Splunk-optimize is launching on our indexers and eating up a few GB of memory, then Redhat's out-of-memory manager kills the splunkd process (as seen in /var/log/messages). The 3 indexers have 16 CPUs and 16GB of ram (total logging of 70GB/day across the 3 indexers), so shouldn't be a resource issue. So aside from disabling the OOM (or reducing the likelihood of OOM killing Splunk http://www.oracle.com/technetwork/articles/servers-storage-dev/oom-killer-1911807.html ), is there any other way to manage the splunk-optimize process to reduce the memory it use?
There's options for splunk-optimize stuff in indexes.conf:
http://docs.splunk.com/Documentation/Splunk/6.2.1/Admin/Indexesconf
If splunk-optimize is taking up that much resources to do its thing, might be running into bucket config issues as well. Have you increased bucket sizing (auto-high-volume) on the higher-volume indexes?
Here's some of the settings we've got on some of our higher-volume indexes:
maxMemMB = 20
maxConcurrentOptimizes = 6
maxHotIdleSecs = 86400
maxHotBuckets = 10
maxDataSize = auto_high_volume
Be sure to read about THP in redhat. Splunk recommends disabling this.
http://docs.splunk.com/Documentation/Splunk/6.2.1/ReleaseNotes/SplunkandTHP
We have confirmed THP is disabled. We also set the OOM manager to -16 for the Splunk process. We bumped the memory on the indexers to 32GB, but the indexers have since crashed again. We'll get back to Splunk support, but something has to be causing the splunk-optimize process to use much more memory than normal.
Little lost on this one as we have never seen this before. We do have ES running in this environment, but other than that there isn't too much data, nor too many indexes created. Any other thoughts or suggestions?
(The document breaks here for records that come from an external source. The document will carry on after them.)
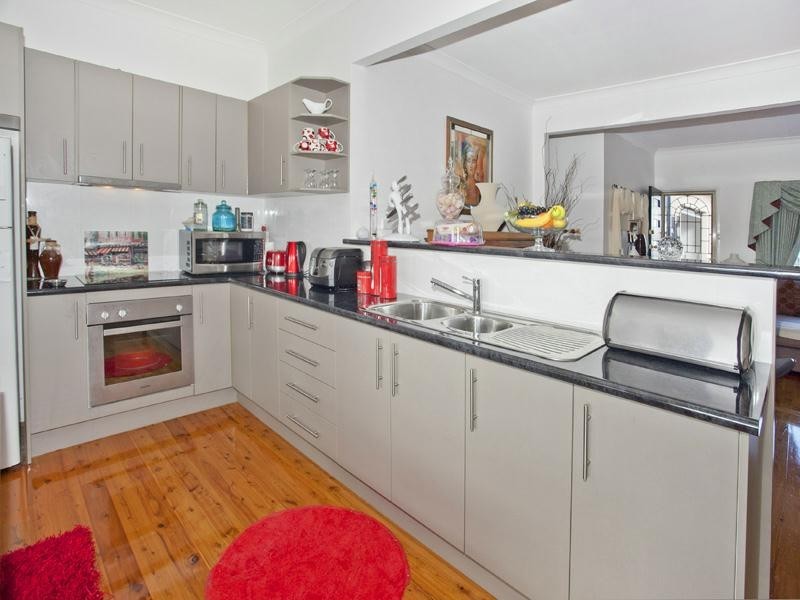 Barrack Heights NSW 2528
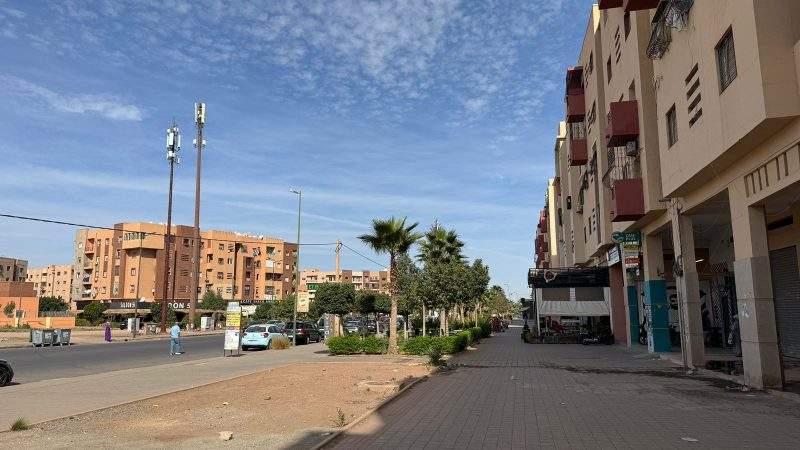 الانقطاعات المفاجئة للكهرباء بأبواب مراكش تُسبب اضطرابا كبيرا لأصحاب المقاهي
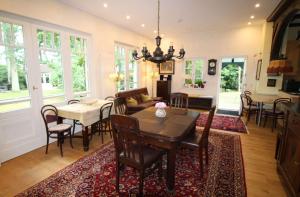 - une salle à manger et un salon avec une table et des chaises dans l'établissement Haus Hubertus - die Strandvilla, à Boltenhagen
Did you come to solution here?
The initial problem was the indexers were crashing. Splunk determined it was a bug a a fix was released as part of 6.0.3 I believe. The cause was an error with memory mapping between Splunk, the OS and VMware.
I will definitely try disabling THP and see what happens. I'll let you know how it goes.
There are some settings around splunk-optimize and similar indexing helper processes in http://docs.splunk.com/Documentation/Splunk/6.2.1/Admin/indexesconf (search for "optimize"), but I'm not familiar enough with those to give a qualified recommendation. The directly memory-related settings all come with big caveats.
I would seek configuration relief from the OOM/OS though, killing other people's processes is mean.
This is the article from Oracle that explains how to manage the OOM. While you can tell it to be "nicer" to Splunk, even they don't recommend turning it off.
http://www.oracle.com/technetwork/articles/servers-storage-dev/oom-killer-1911807.html
16GB is not a lot, especially when you have processes killed for being out of memory. Consider adding memory.
Thanks Martin. We originally started with 12GB of ram, but bumped it to 16GB. The only time we seem to run into issues is when the splunk-optimize process runs. Otherwise it is fine. The only other thing that is unique to this environment is that it does run Splunk ES (with a select few other apps that).
I realize we can add more ram, and that may ultimately be what is necessary. Just trying to figure out if there is anything else we can do to help manage it or reduce the memory requirements for the splunk-optimize process.